Non-Abelian gauge fields in the gradient expansion: generalized Boltzmann and Eilenberger equations

TL;DR

This paper derives generalized Boltzmann and Eilenberger equations incorporating non-Abelian gauge fields for disordered Fermi gases, revealing how spin and charge dynamics are influenced by gauge fields and external fields.

Contribution

It provides a unified microscopic derivation of transport equations with non-Abelian gauge fields, extending classical results to include spin degrees of freedom.

Findings

Derivation of diffusion equations for charge and spin densities.

Identification of the spin Hall effect as a consequence of SU(2) gauge fields.
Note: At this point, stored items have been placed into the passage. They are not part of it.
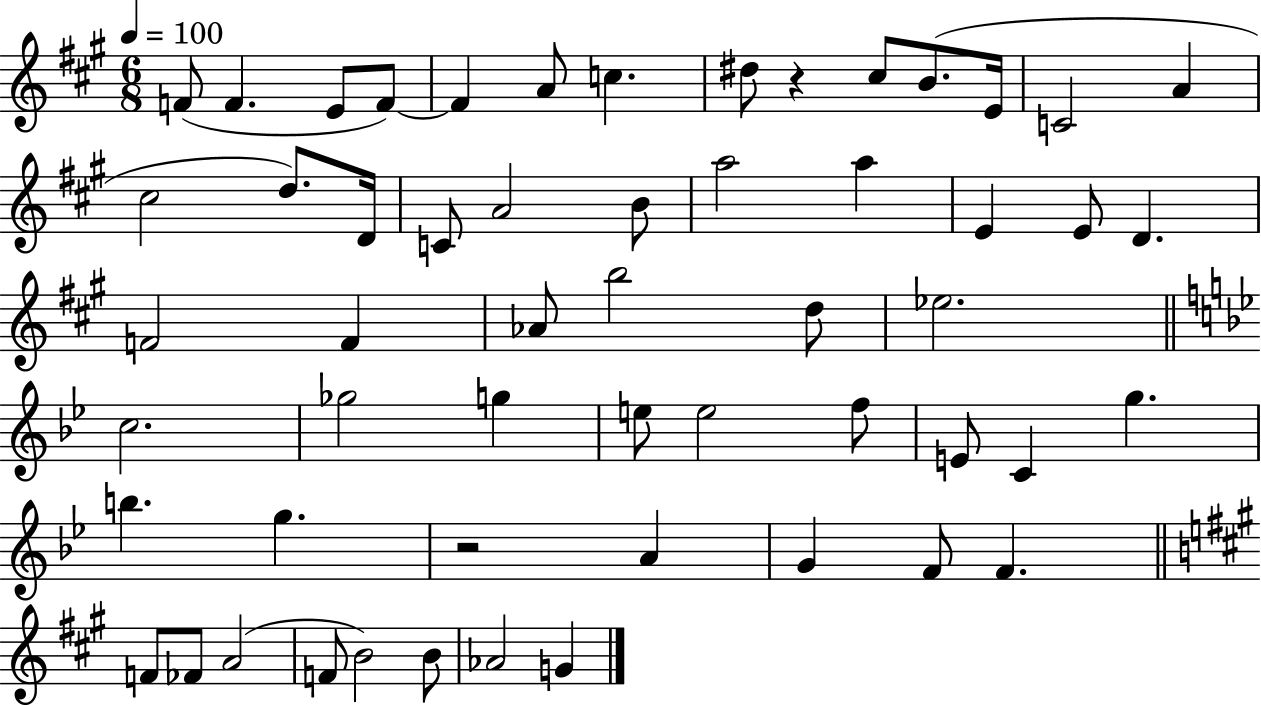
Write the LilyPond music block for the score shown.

{
  \clef treble
  \numericTimeSignature
  \time 6/8
  \key a \major
  \tempo 4 = 100
  f'8( f'4. e'8 f'8~~) | f'4 a'8 c''4. | dis''8 r4 cis''8 b'8.( e'16 | c'2 a'4 | \break cis''2 d''8.) d'16 | c'8 a'2 b'8 | a''2 a''4 | e'4 e'8 d'4. | \break f'2 f'4 | aes'8 b''2 d''8 | ees''2. | \bar "||" \break \key bes \major c''2. | ges''2 g''4 | e''8 e''2 f''8 | e'8 c'4 g''4. | \break b''4. g''4. | r2 a'4 | g'4 f'8 f'4. | \bar "||" \break \key a \major f'8 fes'8 a'2( | f'8 b'2) b'8 | aes'2 g'4 | \bar "|."
}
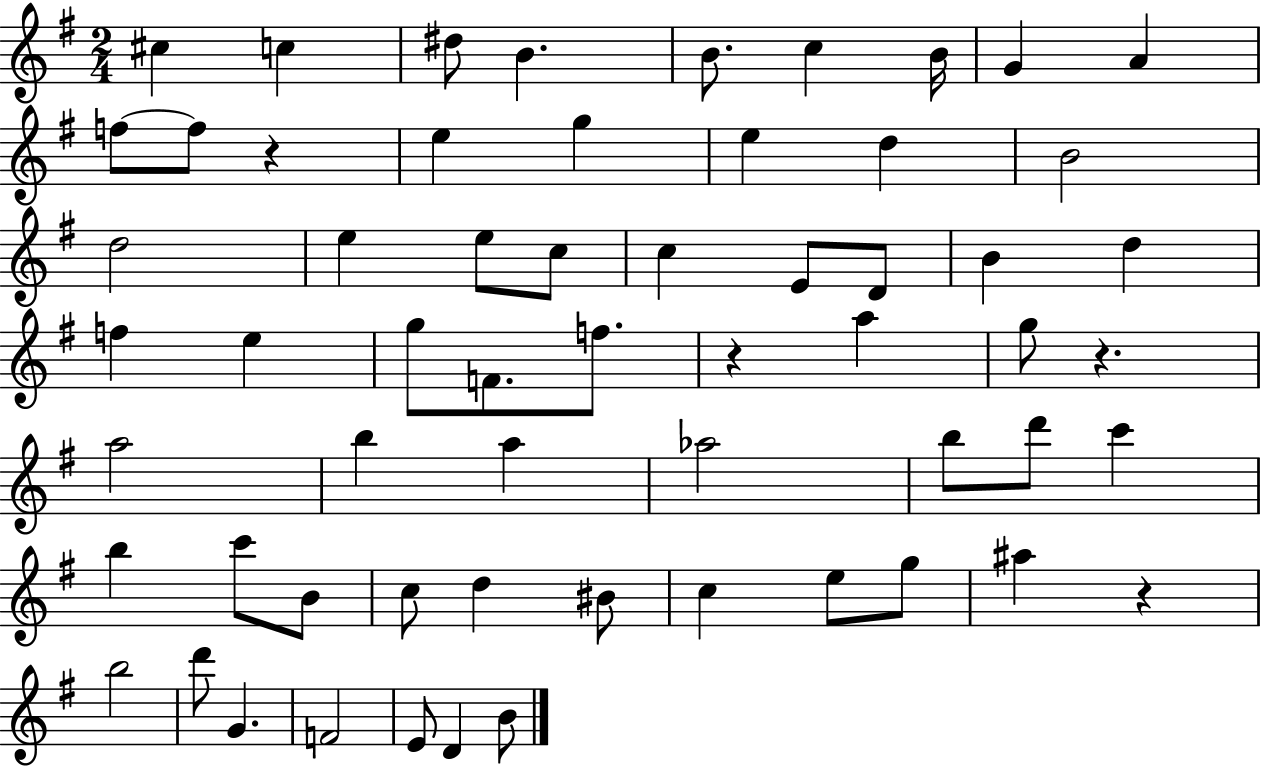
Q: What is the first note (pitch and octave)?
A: C#5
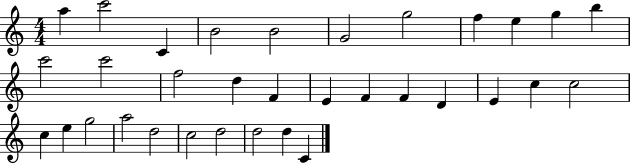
A5/q C6/h C4/q B4/h B4/h G4/h G5/h F5/q E5/q G5/q B5/q C6/h C6/h F5/h D5/q F4/q E4/q F4/q F4/q D4/q E4/q C5/q C5/h C5/q E5/q G5/h A5/h D5/h C5/h D5/h D5/h D5/q C4/q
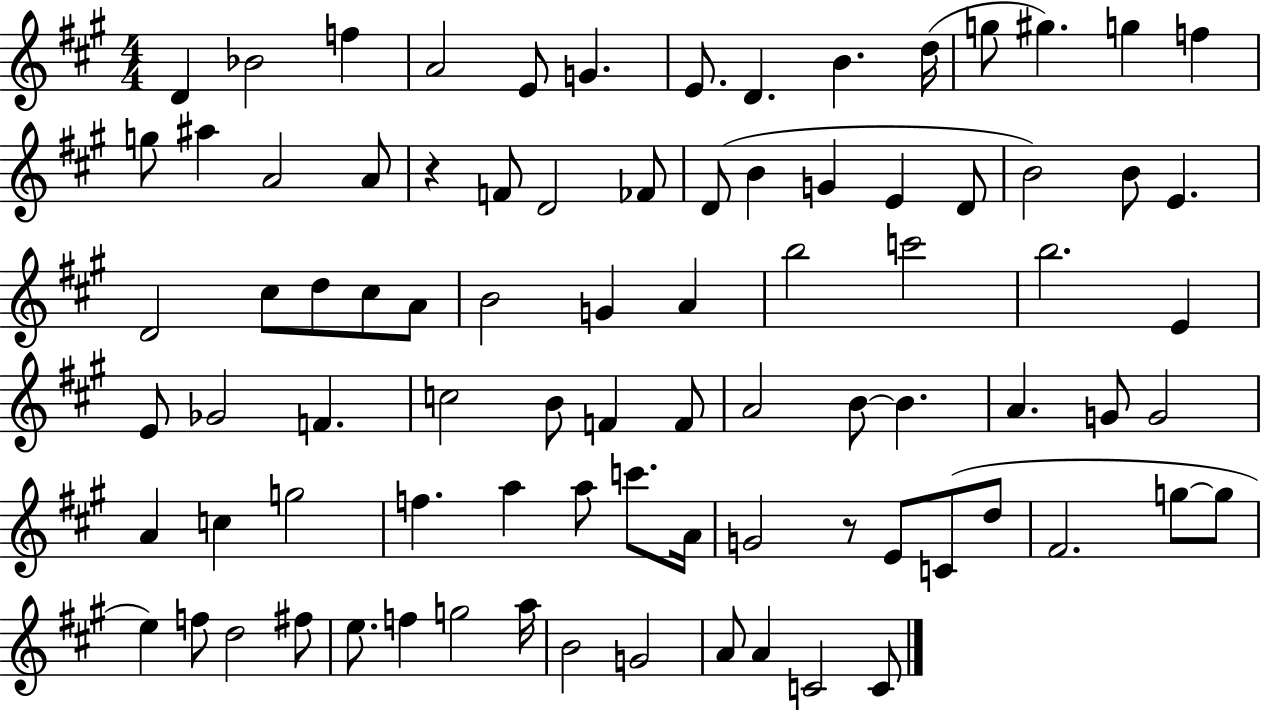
X:1
T:Untitled
M:4/4
L:1/4
K:A
D _B2 f A2 E/2 G E/2 D B d/4 g/2 ^g g f g/2 ^a A2 A/2 z F/2 D2 _F/2 D/2 B G E D/2 B2 B/2 E D2 ^c/2 d/2 ^c/2 A/2 B2 G A b2 c'2 b2 E E/2 _G2 F c2 B/2 F F/2 A2 B/2 B A G/2 G2 A c g2 f a a/2 c'/2 A/4 G2 z/2 E/2 C/2 d/2 ^F2 g/2 g/2 e f/2 d2 ^f/2 e/2 f g2 a/4 B2 G2 A/2 A C2 C/2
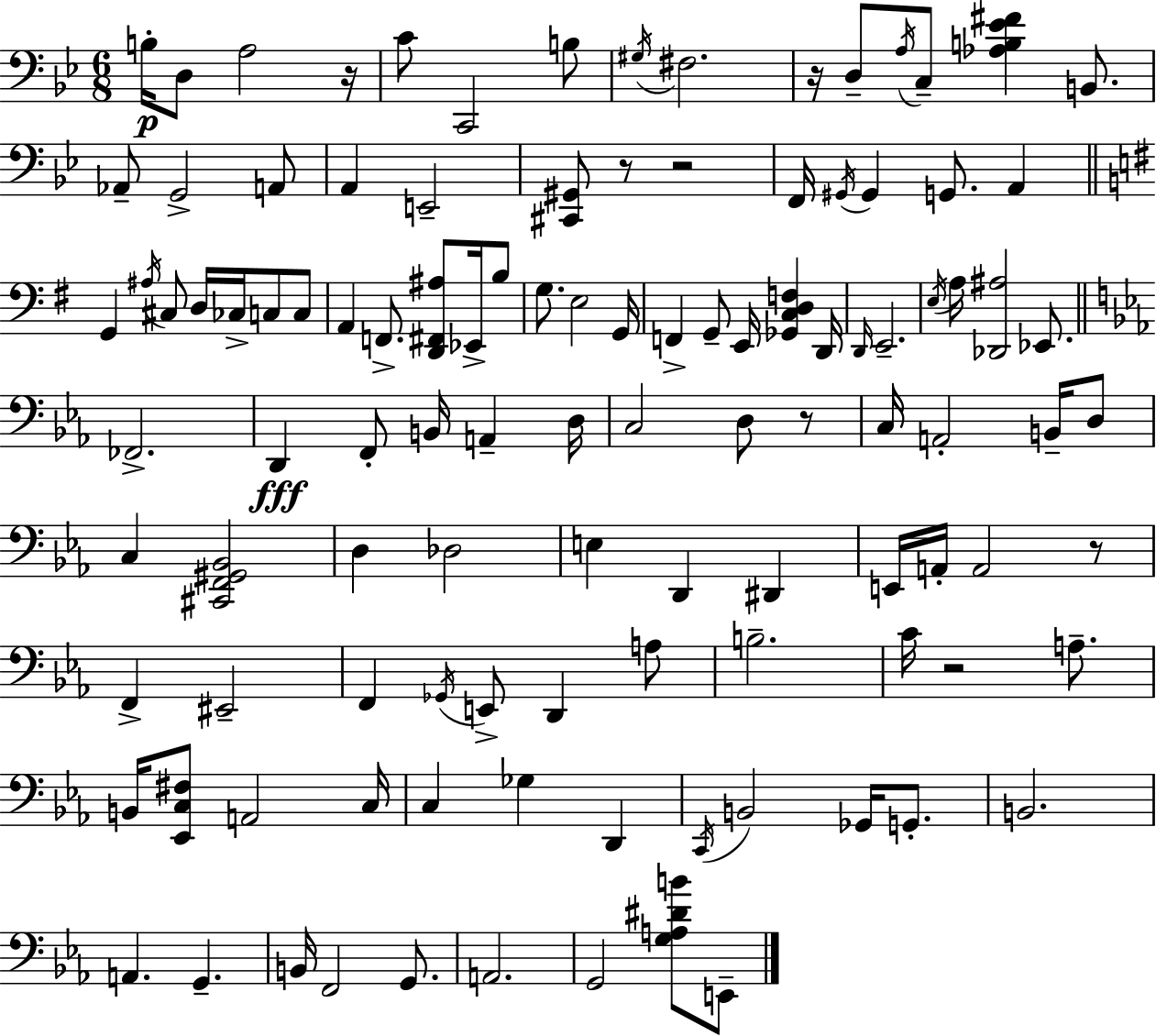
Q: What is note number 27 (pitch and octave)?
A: CES3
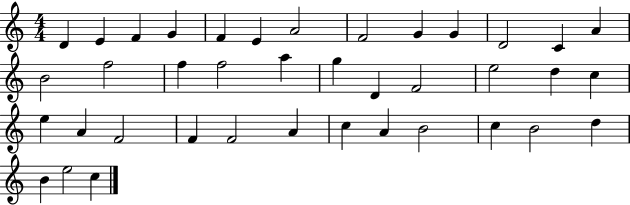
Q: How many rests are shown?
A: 0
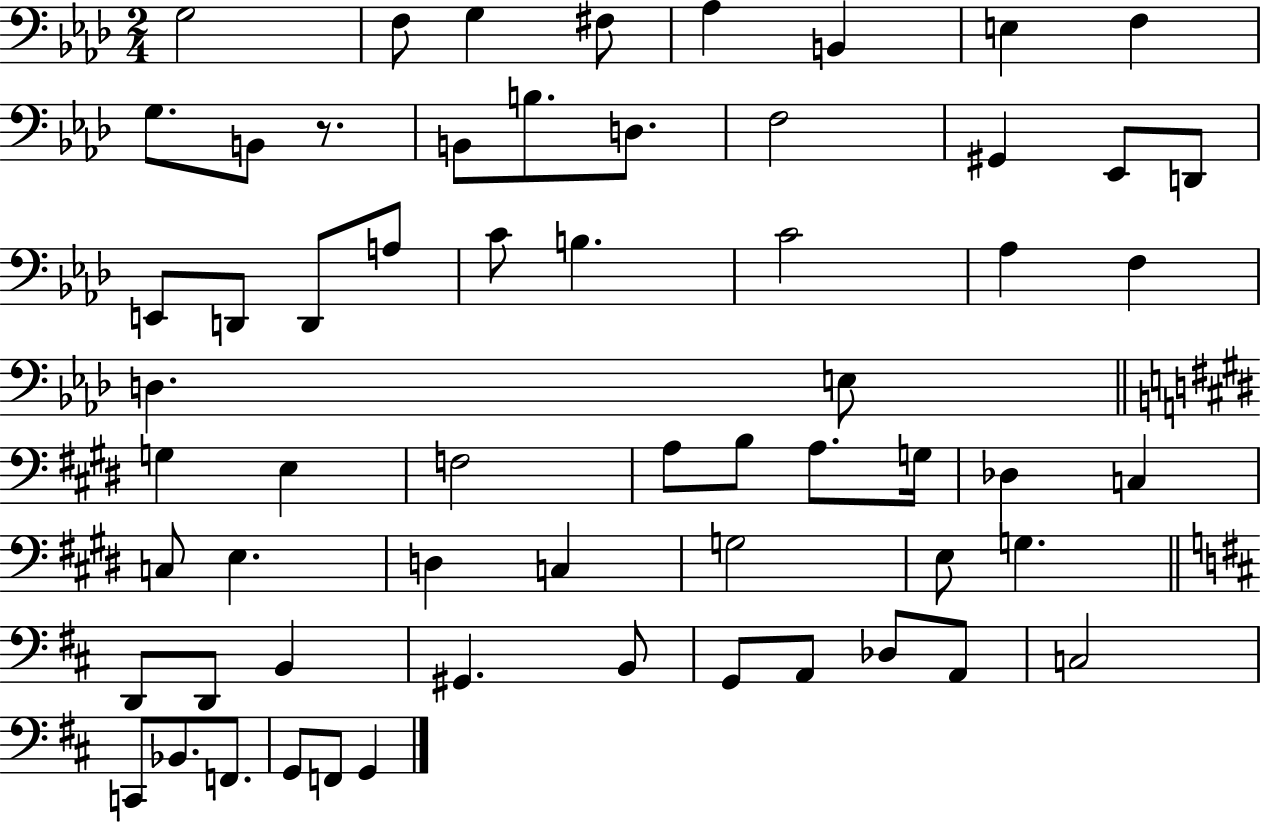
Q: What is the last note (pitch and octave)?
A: G2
Demonstration of in-plane charge currents generated by magnetic and Rashba interactions.

Abstract

We present a microscopic derivation of the generalized Boltzmann and Eilenberger equations in the presence of non-Abelian gauges, for the case of a non-relativistic disordered Fermi gas. A unified and symmetric treatment of the charge $[U(1)]$ and spin $[SU(2)]$ degrees of freedom is achieved. Within this framework, just as the $U(1)$ Lorentz force generates the Hall effect, so does its $SU(2)$ counterpart give rise to the spin Hall effect. Considering elastic and spin-independent disorder we obtain diffusion equations for charge and spin densities and show how the interplay between an in-plane magnetic field and a time dependent Rashba term generates in-plane charge currents.